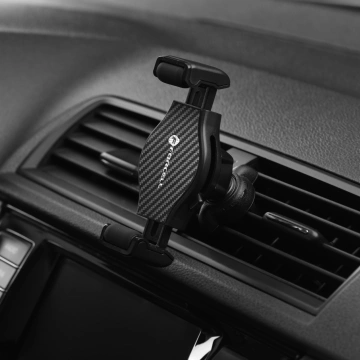FORCELL F-GRIP Carbon H-CF509 Autohalterung für Kühlergrill, Schwarz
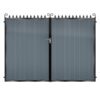 Fraser Tall Aluminium Driveway Gate - 7016 Anthracite Grey_c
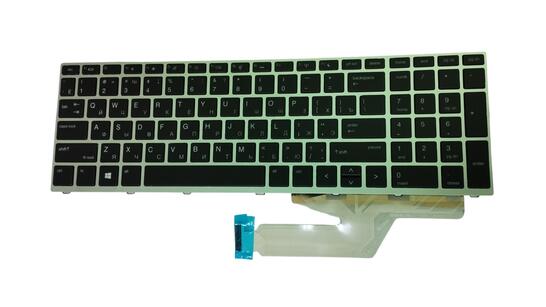 Клавиатура для ноутбука HP ProBook (450 G5) с подсветкой (Light), Black, (Black Frame), RU - фото 6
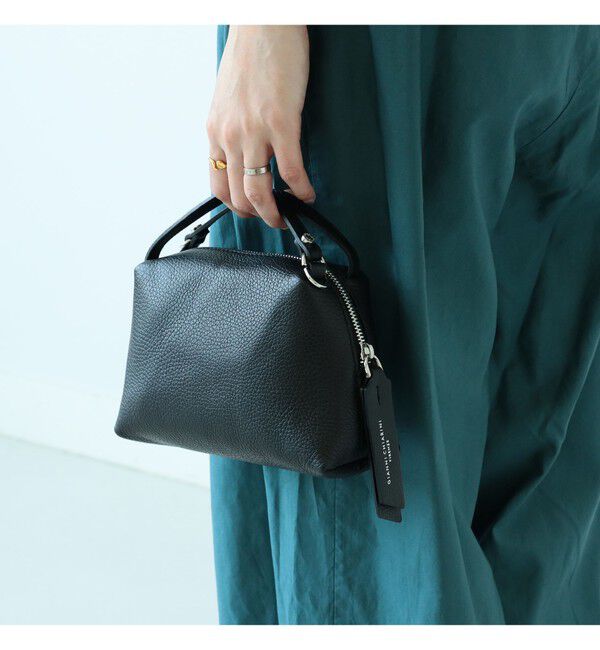 BEAMS SELECTION for WOMEN「GIANNI CHIARINI / ALIFA レザーショルダーバッグ S」|ショルダー・メッセンジャー|NERO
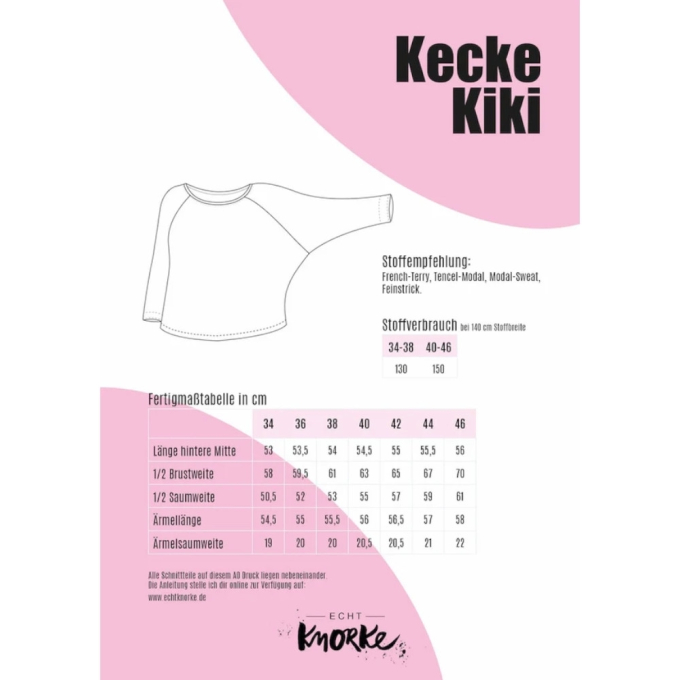 E-Book Echt Knorke Kecke Kiki Damenshirt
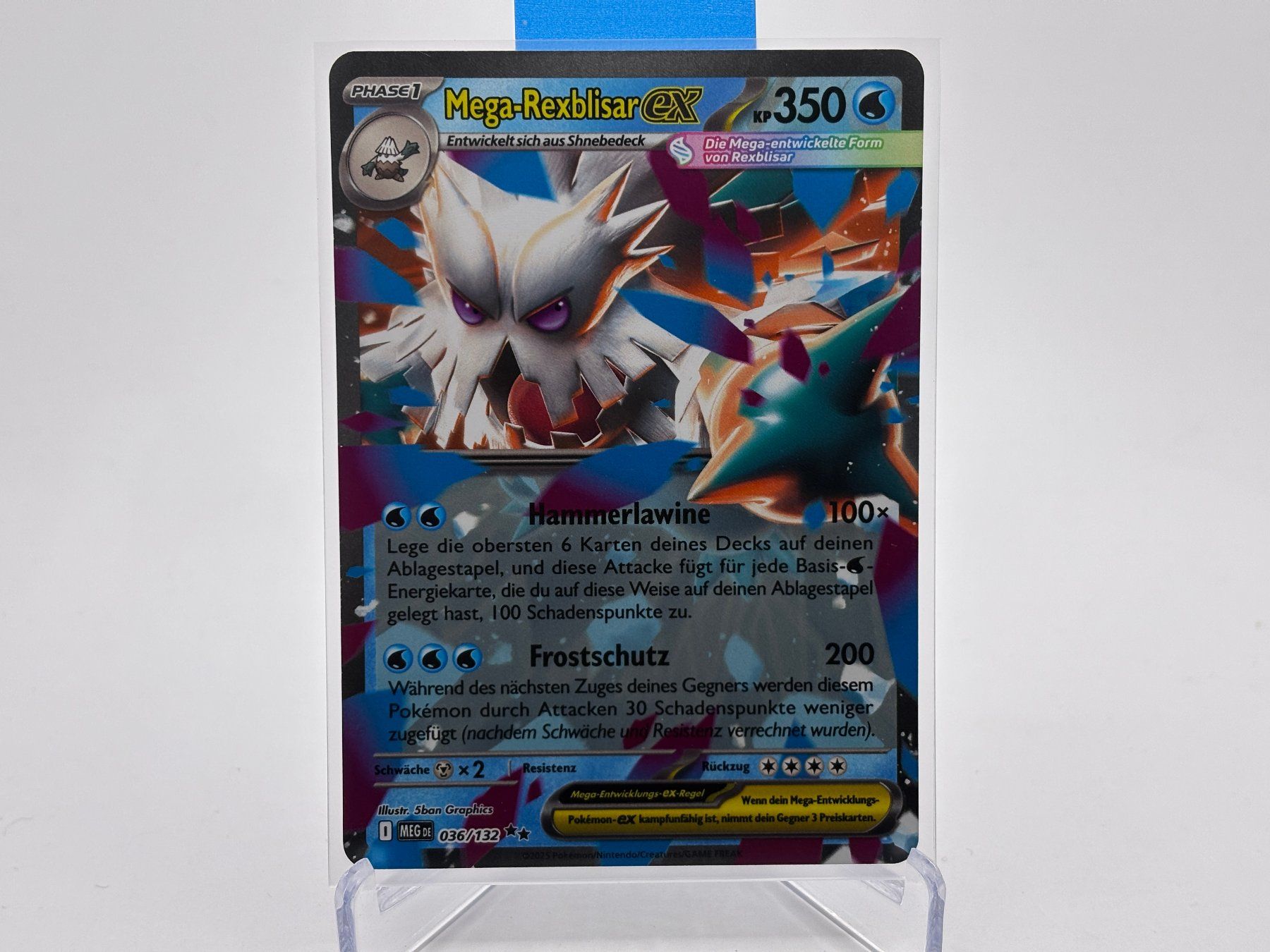 Pokémon Carte collezionabili: Mega-Entwicklung - Mega Rexblisar ex  (MEG 36) - DE – Nuovo (secondo la descrizione) da Allschwil venduto da bul_5pmr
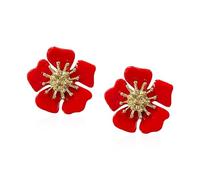 Chanaiqw Vintage Flower Stud Earrings Exaggerated Oversized Daisy Flower Earrings Statement Jewelry for Women, Resin, No Gemstone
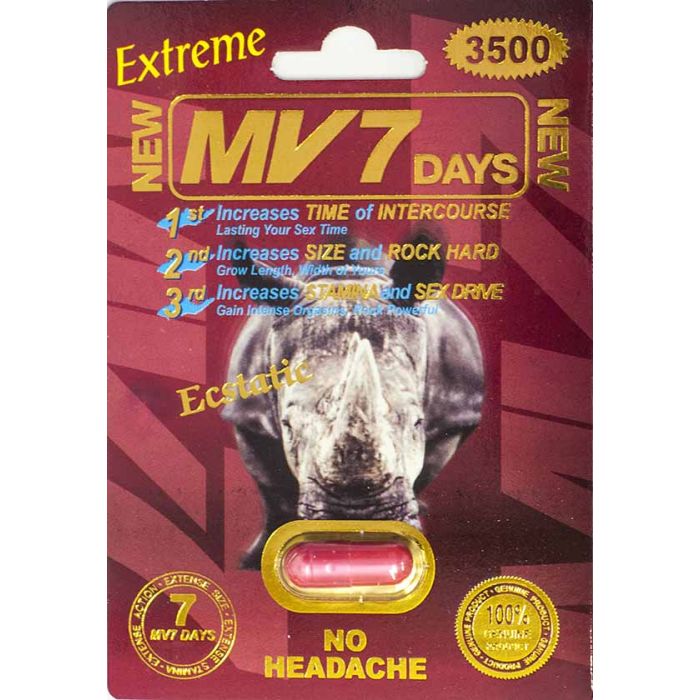 Mv 7 Days 3500mg Extreme Male Sexual Enhancement Red Pill - supplemynts.com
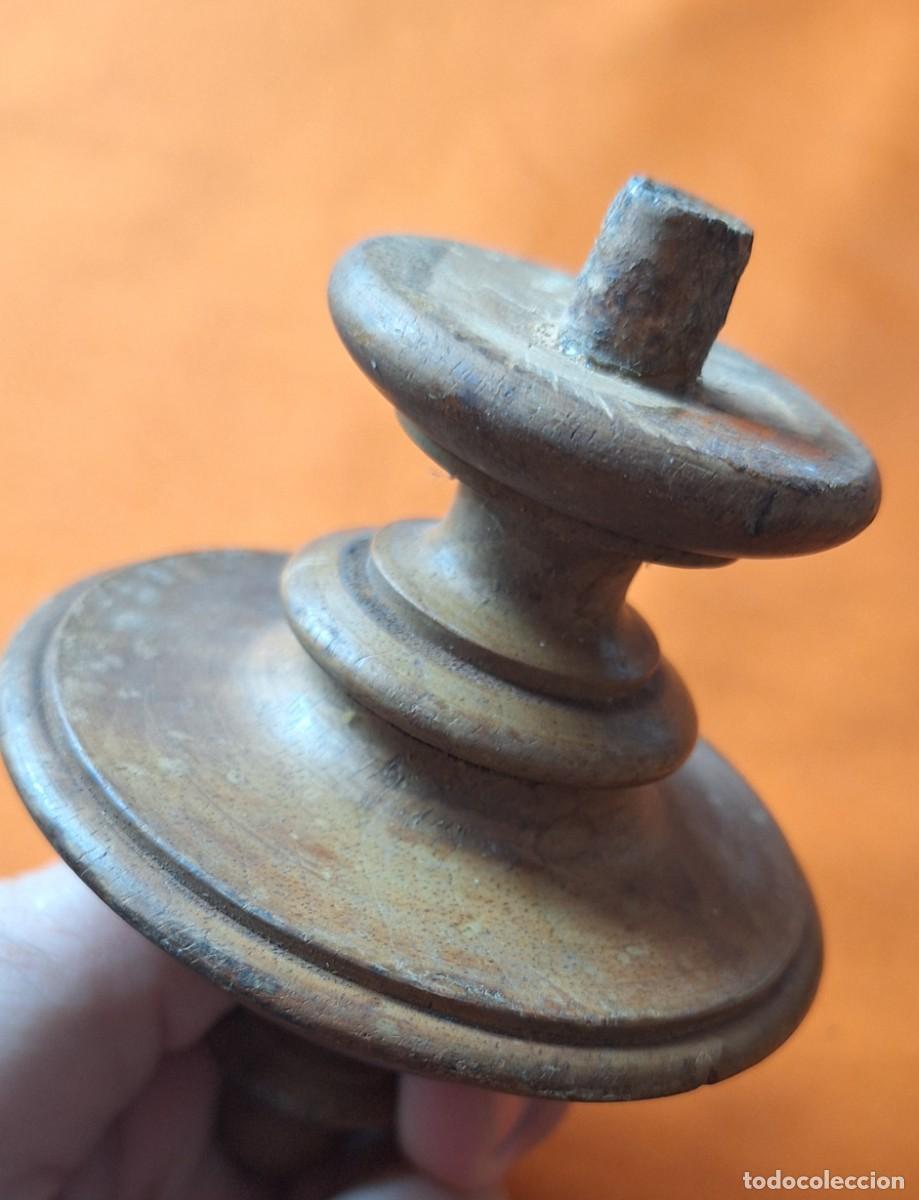 Antig&uuml;edades: Antiguo Copete - Remates de Madera para Mueble - Foto 14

* What you have to do: Please output, exactly as written, the lines above from the one holding "E-Book Echt Knorke Kecke Kiki Damenshirt" through the one holding "Chanaiqw Vintage Flower", both included, with the pictures omitted.

* Response:
 E-Book Echt Knorke Kecke Kiki Damenshirt
 Pokémon Carte collezionabili: Mega-Entwicklung - Mega Rexblisar ex  (MEG 36) - DE – Nuovo (secondo la descrizione) da Allschwil venduto da bul_5pmr
 Chanaiqw Vintage Flower Stud Earrings Exaggerated Oversized Daisy Flower Earrings Statement Jewelry for Women, Resin, No Gemstone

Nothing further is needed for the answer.